After learning about Dr. Robert Goldwyn’s death, I pulled out his book “The Operative Note:  Collected Editorials” to reread (published in August 1992).  I’d like to share a few with you over the next weeks/months.
The first is entitled “Surgeon”
On a recent trip to Hawaii, I learned that in the Polynesian dialect spoken there, the word for surgeon is kauka oki:  doctor (kauka) who cuts (oki).  While some of us surgeons might resent such a graphic, “cut and dry” definition, we cannot deny its verity.  No matter how we may slice it, a surgeon is a doctor who makes incisions.  In fact, the origin of the word surgery is Greek, from cheir, meaning “hand,” and ergon, meaning “work.”  That surgeons work with their hands did not always bring honor.  Centuries ago, one recalls that those who cut on others, with their permission, generally held a lower status than those who eschewed the knife.
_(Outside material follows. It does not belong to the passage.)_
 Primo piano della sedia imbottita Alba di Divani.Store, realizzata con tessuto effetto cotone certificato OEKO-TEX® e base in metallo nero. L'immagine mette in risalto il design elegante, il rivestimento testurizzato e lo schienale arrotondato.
At the bottom were the barbers, and slightly above them, the surgeons.  In England in 1462, the Guild of Barbers became the Company of Barbers, and under Henry VIII, the Barber Company was united with the smaller Guild of Surgeons to form the United Barber-Surgeon Company.  In commenting on Henry VIII’s role in this episode, Garrison cites the painting by the younger Holbein, the court painter:  “Henry VIII—huge, bluff, and disdainful—in the act of handing the statute to Vicary [Thomas Vicary, First Master of the United Barber-Surgeon Company], in company with fourteen other surgeons on their knees before the monarch, who does not condescend even to look at them.”1  Perhaps Henry was irate at having to leave his dinner table and his newest wife.
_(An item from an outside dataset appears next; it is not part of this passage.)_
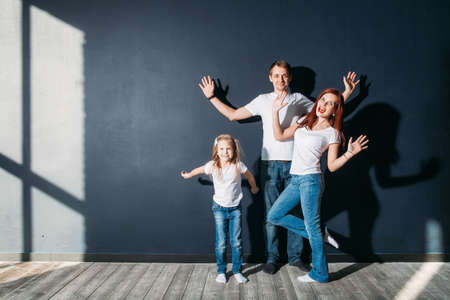Happy family portrait standing on gray background wooden floor room window sunny dayの写真素材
The metamorphosis from the lowly barber to the glamorized surgeon has been long.  I am sure that Henry VIII did not envision the consequences of his royal decree.  The seesaw of history is marvelous as long as you are on the upswing.  The rise of the surgeon did not erase the schism (in fact, it may have intensified it) between the so-called thinkers and the doers.  This enmity, although lamentable, is centuries old.  some, however, such as Lanfranchi of Milan (the first to describe concussion of the brain and to distinguish between cancer and hypertrophy of the female breast), did rise above the petty, professional fray.  In his Chirurgia Magna, completed in 1296, he wrote:
  • Why, in God’s name, in our days, is there such a great difference between the physician and the surgeon?  The physicians have abandoned operative procedures to the laity, either, as some say, because they disdain to operate with their hands, or rather, as I think, because they do not know how to perform operations.  Indeed, this abuse is so inveterate that the common people look upon it as impossible for the same person to understand both surgery and medicine.  It ought, however, to be understood that no one can be a good physician who has no idea of surgical operations and that a surgeon is nothing if ignorant of medicine.  In a word, one must be familiar with both departments of Medicine. 2
We do accept the fact today that the best surgeon is one who knows not only how to operate, but when not to.  Harvey Cushing, about the time that he became the first Surgeon-In-Chief of the Peter Bent Brigham Hospital, Boston, said in his letter to his counterpart in medicine, Henry Christian:  “I would like to see the day when somebody would be appointed surgeon somewhere who had no hands, for the operative part is the least part of the work.” 3
Cushing, of course, did have hands, good ones, and more important, a superior brain, which he used prodigiously.  His remark was a hyperbole that reflected his correct view of surgery; it must grow from research and basic sciences and from its application to clinical problems.  Surgery, despite the awe it now has (for those who doubt this, see the afternoon “soaps”), represents a failure of nonoperative medicine.  Who would not want to take a pill rather than undergo an operation for cholecystitis, breast cancer, or benign prostatic hypertrophy if the results were the same?  Would not genetic engineering by medication to prevent facial clefts be preferable to repairing them, no matter how meticulous and innovative the surgeon?  The thought that a capsule could safely enlarge or reduce breasts or salve could eliminate Dupuytren’s contracture or a prominent dorsal hump may seem too fanciful even for the most imaginative, yet landing a man on the moon and retrieving him without mishap has long been a fait accompli.  However, since medical Shangri-La is many years hence, we heirs of Pare will be continuing our manual ministrations, our barbers’ burden.
References
1.  Garrison, F.H.  An Introduction into the History of Medicine with Medical Chronology.  Suggestions for Study and Bibliographic Data, 4th Ed.  Philadelphia: Saunders, 1929; reprinted in 1960. Pp. 238-240.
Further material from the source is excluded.